Chilling memoir
Reviewed by Balwinder Kaur

Anne Frank’s Tales from the Secret Annexe
By Anne Frank. Hachette India. Pages 207. Rs 350

Anne Frank, the world-renowned teenage author of this collection of writings did not live to see her eighteenth birthday because under the merciless Nazi regime being born Jewish was a crime punishable by death. The Netherlands in the year 1944 may seem long gone but Anne Frank’s journal is one of the most moving accounts of this dark period in human history, recounting with vivid clarity the terrible oppressive years which many spent in hiding because they feared for their lives. A chilling memoir showcasing the first-hand effects of war on a human being; putting a face and name to suffering.

Raised in a highly literary environment by Otto and Edith Frank, both Anne and her sister Margot enjoyed scholastic pursuits even after they lost their physical freedom. A self-possessed and motivated girl, Anne envisioned for herself a life of productivity rather than domesticity and longed to be a writer who would leave her mark on the world. Propelled by that desire, she wrote zealously and her numerous short stories, personal accounts, an unfinished novel and lesser-known writings are compiled in Anne Frank’s Tales From The Secret Annexe translated from Dutch by Susan Massotty.

During her two years in the Annexe, existing in a state of suspended animation, Anne wrote many stories and strove to make sense of a world gone mad through her words. She was striving for an approximation of freedom and dreaming of a brighter future. Many of these writings were about the Annexe itself and its residents. All these eight people lived in a confined space, constrained to follow with clockwork precision the schedule that their lives depended on. And the inevitable friction and collisions that occurred between people in each other’s orbits. We see that people even in these dire times remained the same with flaws and failings. Hardship was a part of this community’s daily life and general existence. Their daily routine is pieced together over many entries; wherein layouts and activities are described but not necessarily in sequence. This composite provides the reader a real picture of life in the Annexe.

Anne Frank’s Tales from the Secret AnnexeShe wrote with a fascinating mixture of idealism and realism. The writing is matter of fact and free of dramatic exaggerations; all references to deprivation and isolation are offhand. Her narration of events includes colourful descriptions interspersed with wry observations and remarks. Sometimes using humour as a defence mechanism. But between these age-appropriate comments lies a profound understanding of life and human nature. Nevertheless, there is palpable tension throughout and the lack of tears and hysterics only enhances this. The date on each entry feels like a clock counting down to the sad finale that the reader knows is coming.

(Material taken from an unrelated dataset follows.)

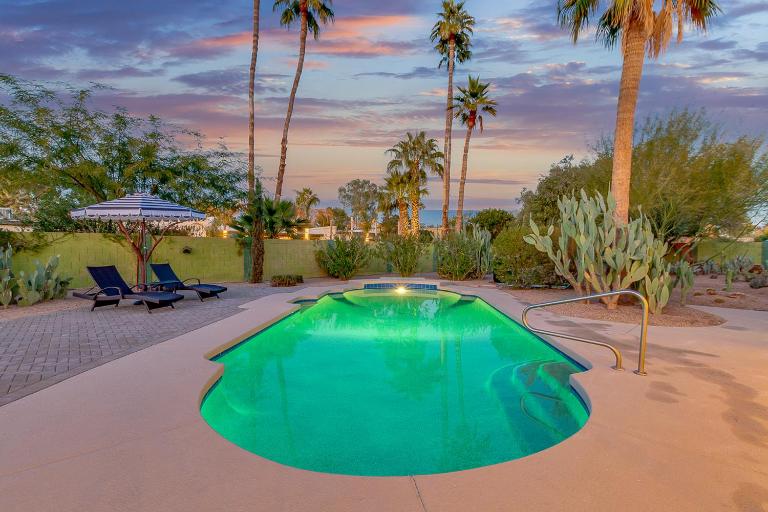 Olive Tree Retreat - Heated Pool, Patio & Privacy - B&B Scottsdale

The diary entries prove very revealing as Anne confesses to many a personal flaw and folly however she displays impressive emotional maturity by always striving for reasonable behaviour and advocating compassion.

The stories have different tones; sarcastic, earnest, hopeful, resentful and pensive. But these stories have similar themes and there is a constant clash between confinement and adventure. The pages are filled with uncomfortable questions and ugly truths.

There are many character-driven stories and her experiences are sometimes mirrored in these characters’ lives; expressing her frustration and desperation through the medium of fiction. Most of her characters are good, hard-working people weighed down by difficult circumstances but who remain honourable. Multiple scenarios are used to explore and imagine what her hypothetical future would be like. Some stories are sad and some hopeful; some with happy endings like Paula’s Flight while Katrien was not so lucky. There is the maudlin tale of Blurry the Explorer who ran away but couldn’t find the world. War is only referenced in one story, perhaps it is a subject too painful to dwell on. But these characters chase inner happiness in the face of insurmountable challenges while grappling with life’s disappointments.

Anne Frank’s greatest legacy remains her strength and stoicism. With a maturity beyond her years, she made the distinction between what can be cured and what must be endured. To her, the key to surviving grief and loss lay in the belief that her suffering was transient that there existed the promise of a better tomorrow. Anne was a humanist and a social reformer in the making and her desperate desire to make a difference in the world was realised for her message of hope, compassion and kindness has inspired and motivated millions.